Since the dawn of time (well, OK, since 1979 when Michigan and Princeton Professors Ross and Williams developed the idea of a “house doctor”), energy efficiency enthusiasts have been convinced that retrofitting a residential building to save energy could pay for itself in fuel savings. It’s been a rocky road since those days, when the prime concern was our dependence on unreliable Mideast oil rather than climate change, and in the energy price valley of 1985 – 2000, it was a lot harder to make the case.
But over the last ten years, subsidized programs all over the country have carried out hundreds, perhaps thousands, of retrofits. Many were aimed at affordable housing, including the federally funded Weatherization programs, and state efforts like NYSERDA’s Assisted Multifamily Program (AMP, in which I was active) and the current Multifamily Performance Program (MPP). Others focused on coaxing the owners of unsubsidized multifamily buildings, including coops, condos, and market-rate rentals, to upgrade their building systems in the interest of greater efficiency, but always with the carrot of long-term savings. Similar efforts went on in many of the more progressive states.
All these programs were successful in installing efficiency upgrades: insulate the roofs, add caulking and weather-stripping, switch to fluorescent lights, replace that failing boiler, and add better heating controls. And because we had used careful analysis and detailed computer models, we were confident the savings were there. But the fact is, we couldn’t present fuel and electric usage data from any of the early projects to prove that our analysis was accurate. As late as 2008, we had a grand total of 20 buildings from AMP for which we had verified savings, largely of satisfactory magnitude.
Of course this is a problem from a technical perspective – we would like to know we are telling the truth when we claim that savings will be forthcoming. But there is another, much larger problem: all the retrofits done under Weatherization or NYSERDA programs are subsidized, one way or another, so the owner could expect a much more substantial return on their own partial investment than they would receive in pure market circumstances. And still it was hard to get them to undertake the projects. Further, what we need now is a truly massive campaign of energy retrofits, far larger than can ever be subsidized by either NYSERDA or the federal government. And owners rarely have the cash reserves to undertake energy retrofits on their own. The only way to bring retrofit activities “to scale” is to make them an investment opportunity for lenders, by which I mean banks.
But you know bankers – dour, untrusting, “show me your cash flow” types who want proof that you will have the money to meet your monthly obligations. (We will omit discussion of the unfortunate events of the last few years except to note that now no one will lend any money without ironclad guarantees of credit-worthiness.) If we want bankers to lend money for retrofits based on the use of energy savings to repay the loan, we need tools to convince them that the savings will be forthcoming. Until now, those tools were not in evidence.

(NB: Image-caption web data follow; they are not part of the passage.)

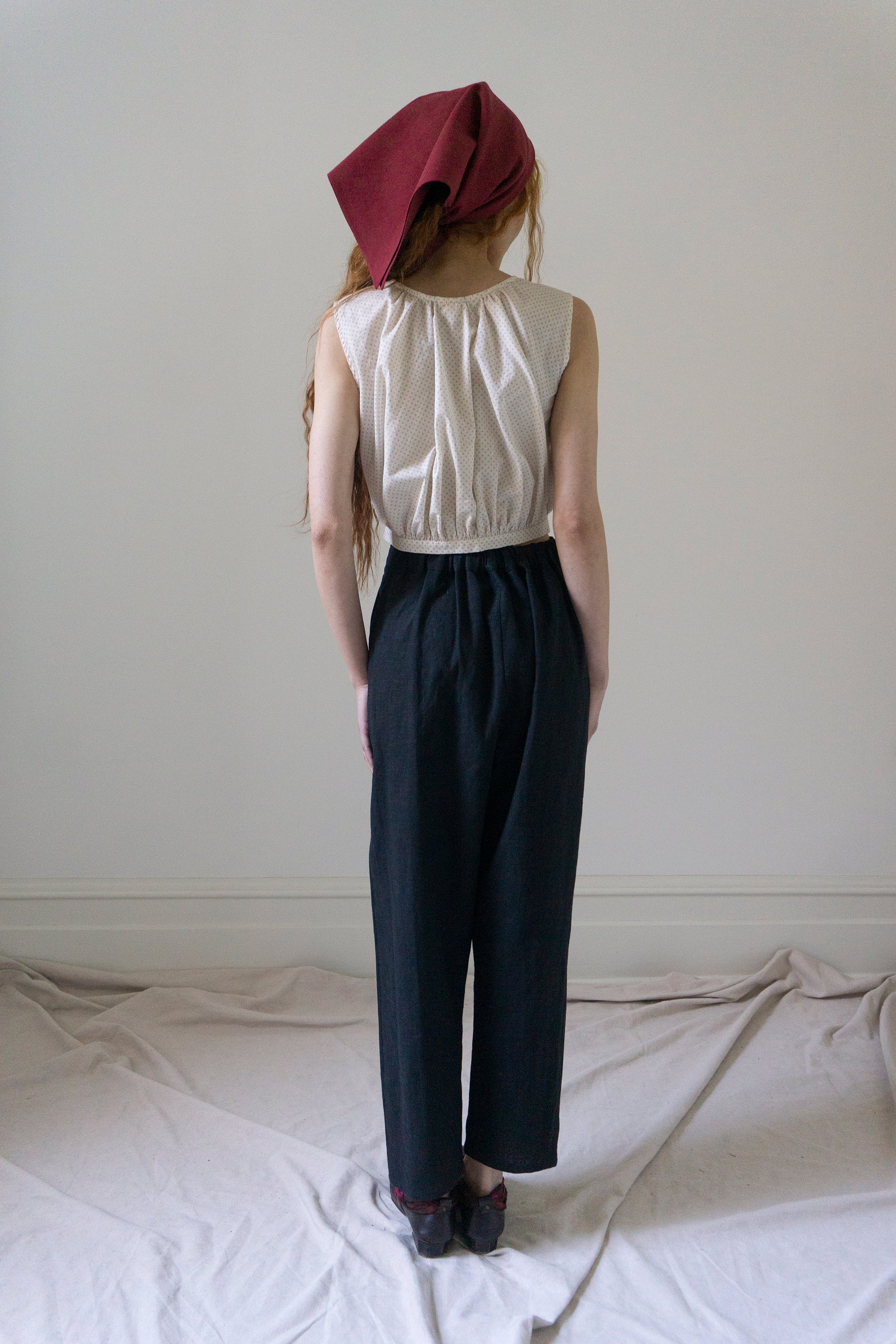 Viola Top - White Calico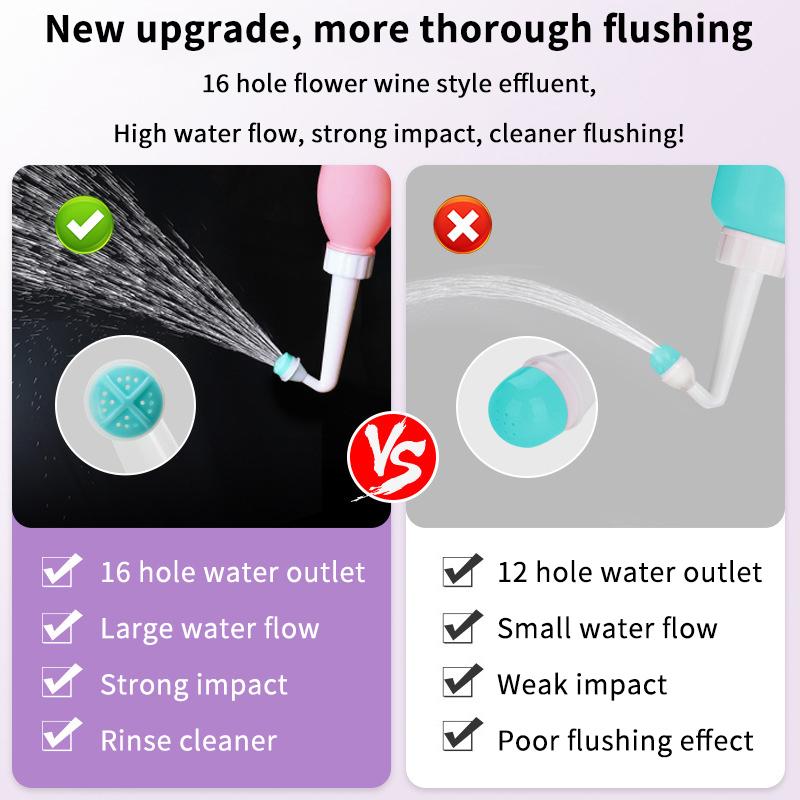 Portable Bidet Perineal Douche Vulvar And Anal Irrigator For Postpartum And Pregnant Women To Clean Their Bottoms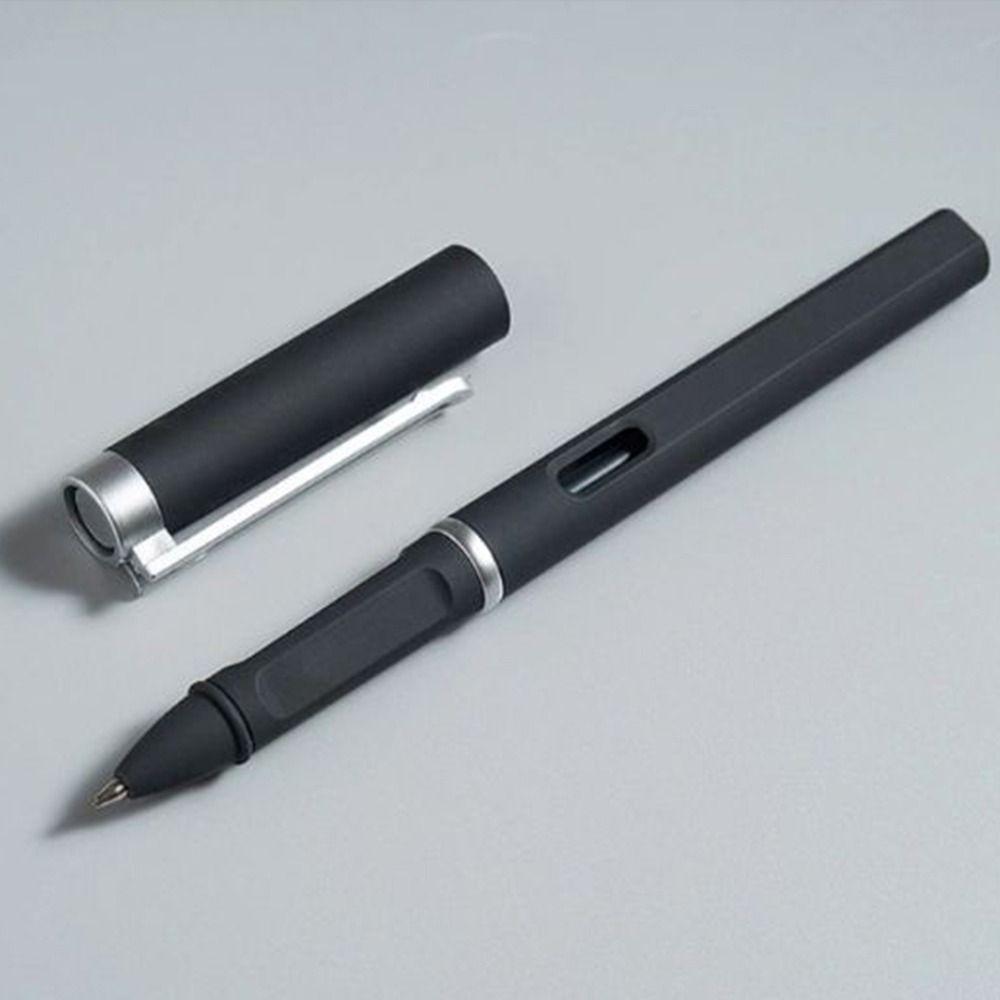 Simple 0.5MM Black Ink Gel Pen Quick Drying Correct Posture Writing Ballpoint Pen Smooth Writing Signature Pen Student
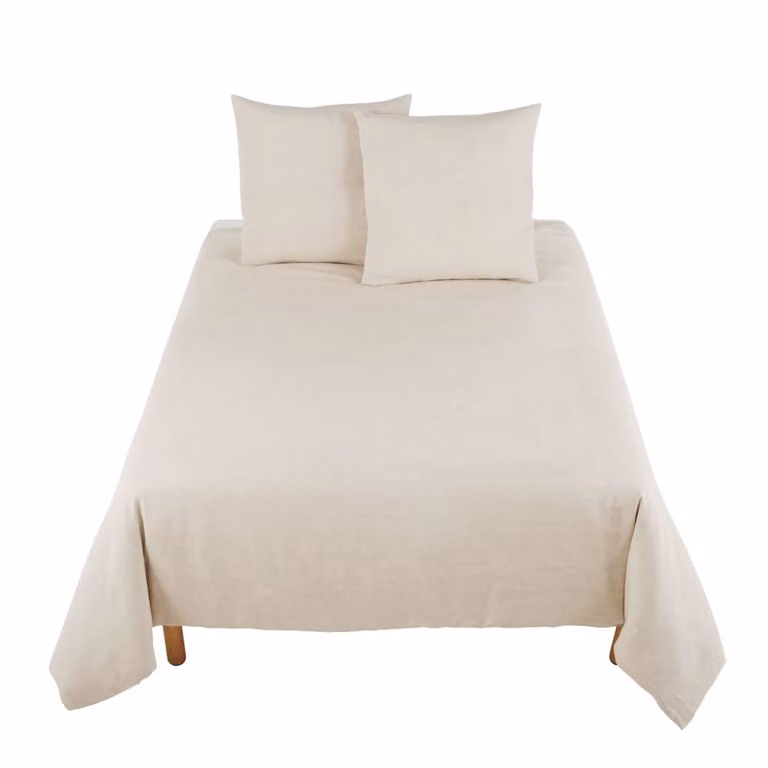 Juego de cama de lino lavado beige Maison du Monde An/Al: 240 x 260 cm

Today, we stand a chance. Deutsche Bank Americas Foundation and Living Cities commissioned Steven Winter Associates and HR&A Advisors to undertake a massive study of energy retrofit activities in New York City, and to formulate an underwriting approach based on their findings. The just-released report provides both a powerful case that the savings will be realized in enough instances to justify significant investment activity, and an analytic framework that will make investments even more secure.
On the technical side, they examined 231 buildings for which pre- and post-construction data was available, and developed a strong set of useful conclusions. Just a few examples: expect more substantial and reliable savings from fuel use reduction than from measures aimed at electric usage; the more fuel your building uses, the greater the potential for savings. (Before you say “duh”, this was quantified in way that that will be very useful for underwriting, as we will see.) And because buildings are complex systems, they found that while observed savings tracked projected savings in a statistical sense, there would still be cases where the savings fell short. How can this risk be minimized, making energy efficiency retrofits an attractive investment for our dour banker?
Here is where the team developed an exceedingly clever analytic approach. The engineers designing the retrofit will use their models to predict savings. But from an analysis of the 231 buildings, the team already knew that on average, they could expect savings roughly equal to half of the pre-retrofit fuel use minus a substantial constant. (See the paper for the math!) The clever approach then is to trust the engineer’s model unless it predicts savings greater than the average found for their data set, adjusted for energy use in the building being modeled. If the model predicts savings greater than the data set average, use the data set average. If the model predicts savings less than the data set average, use the model results. Then go talk to your banker. When this approach was applied to the buildings in the data set, they found that the actual energy savings substantially exceeded these adjusted predictions, a situation that should leave underwriters satisfied.
Can this work? Will we see a dramatic increase in capital available for energy efficiency retrofits? Only time will tell, but we have made a substantial step forward. All the buildings in New York City over 50,000 square feet will undergo energy audits, as required by Local Law 87 of 2009, and the proposed measures and their estimated savings will be there for all to see. Now, a robust way to justify financing the measures is also available.